Data excerpts:
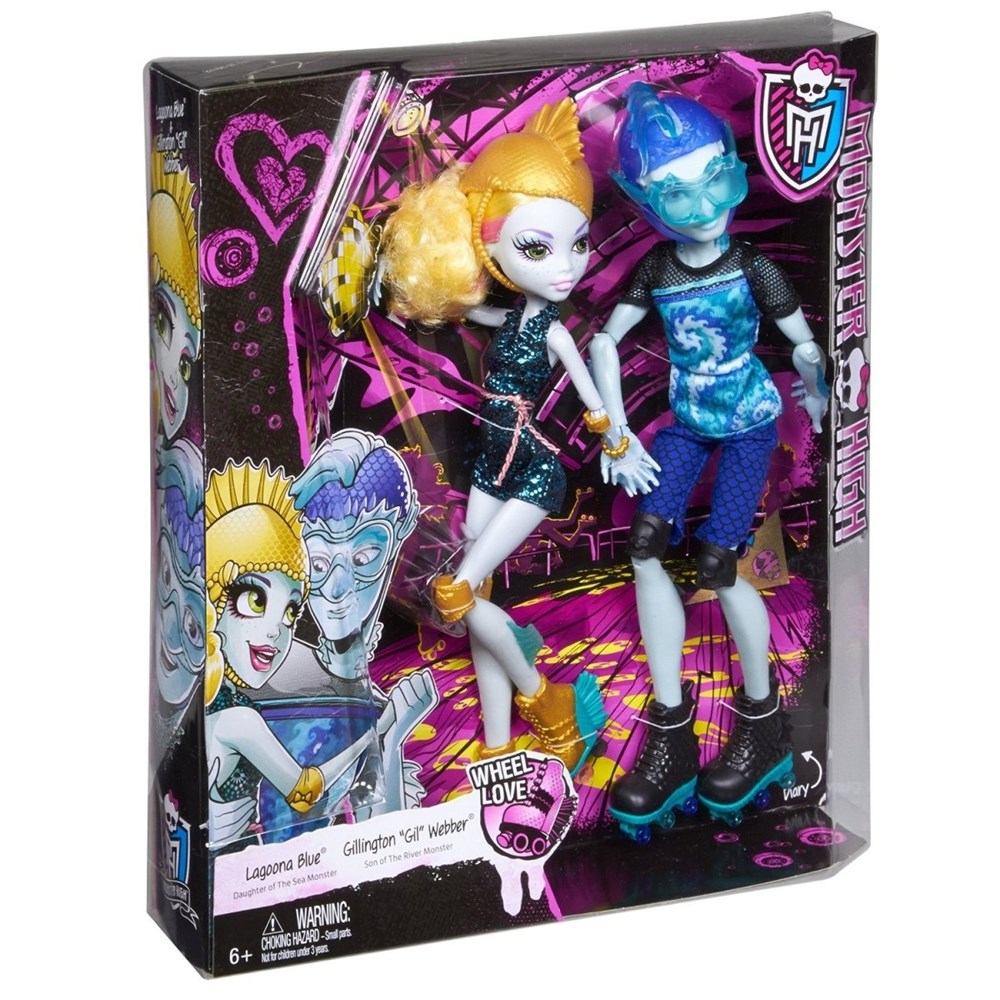 Фестиваль Кукол - Сет из 2 кукол MONSTER HIGH Любовь на колесах - Лагуна  Блю и Гил Веббер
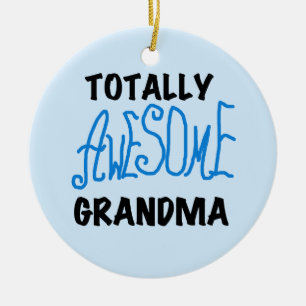 Adorno De Cerámica Abuela totalmente impresionante - camisetas y
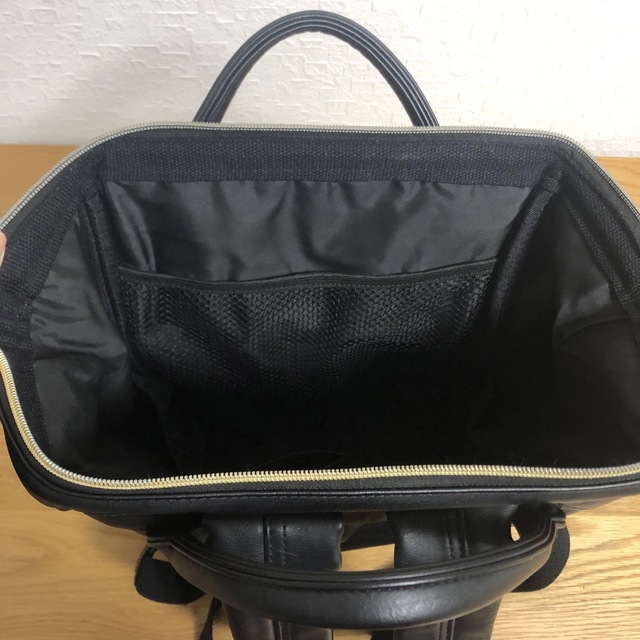 STUDIO CLIP(スタディオクリップ)のスタディオクリップ 合皮リュック  がま口　ブラック レディースのバッグ(リュック/バックパック)の商品写真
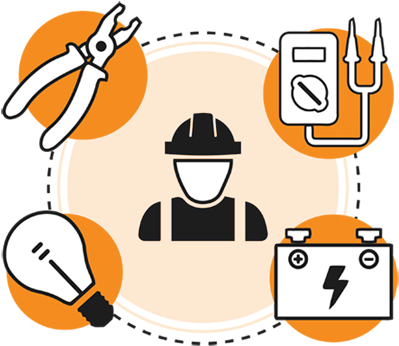 Electrician Clipart Electrical Contractor - Bournemouth (450x397)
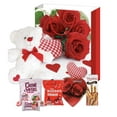 thumbnail image 2 of CandyRific Gift Basket Set Teddy Bear Plush Valentine's Day Chocolates and Candies Assortment 6 Piece, 2 of 3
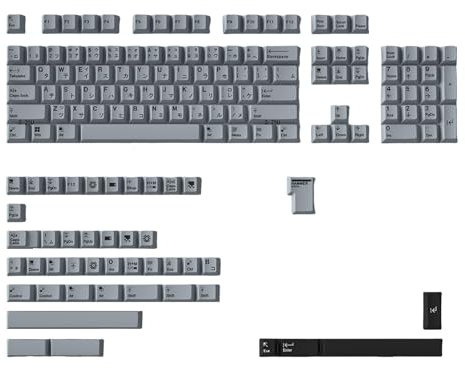 Minimalista 148 Keys, tasti di altezza originale, Sublimazione Tasti Cappucci 60 80 61 Tastiera Meccanica Tastiera Caps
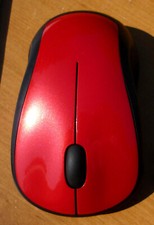 Logitech M310 Wireless Laser Mouse NO Receiver FLAME RED - vg COND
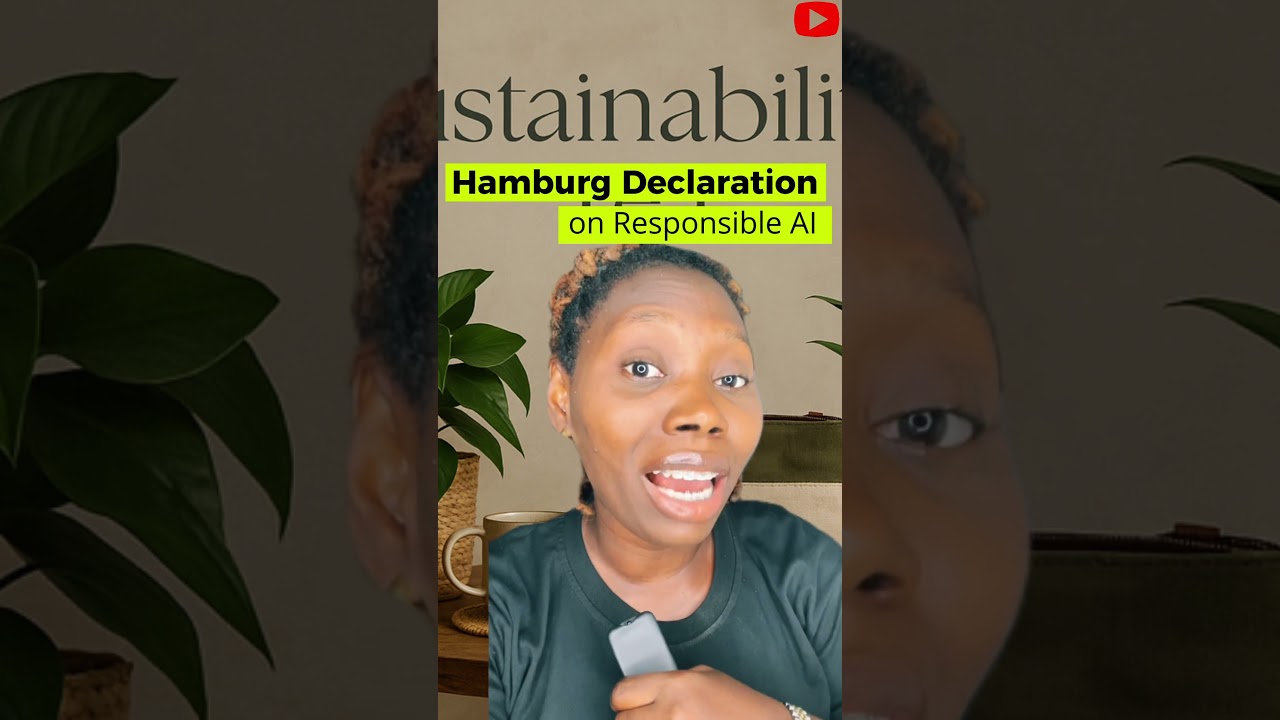 Hamburg Declaration on Responsible AI for the SDGs || Sustainability Tea Ep 03 || #fyp #shorts  #ai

▶ Brief:
Between and including the line above that contains "Minimalista 148 Keys, tasti" and the line that contains "Logitech M310 Wireless", restate every line word for word. Pictures stay out.

▶ Written response:
 Minimalista 148 Keys, tasti di altezza originale, Sublimazione Tasti Cappucci 60 80 61 Tastiera Meccanica Tastiera Caps
 Logitech M310 Wireless Laser Mouse NO Receiver FLAME RED - vg COND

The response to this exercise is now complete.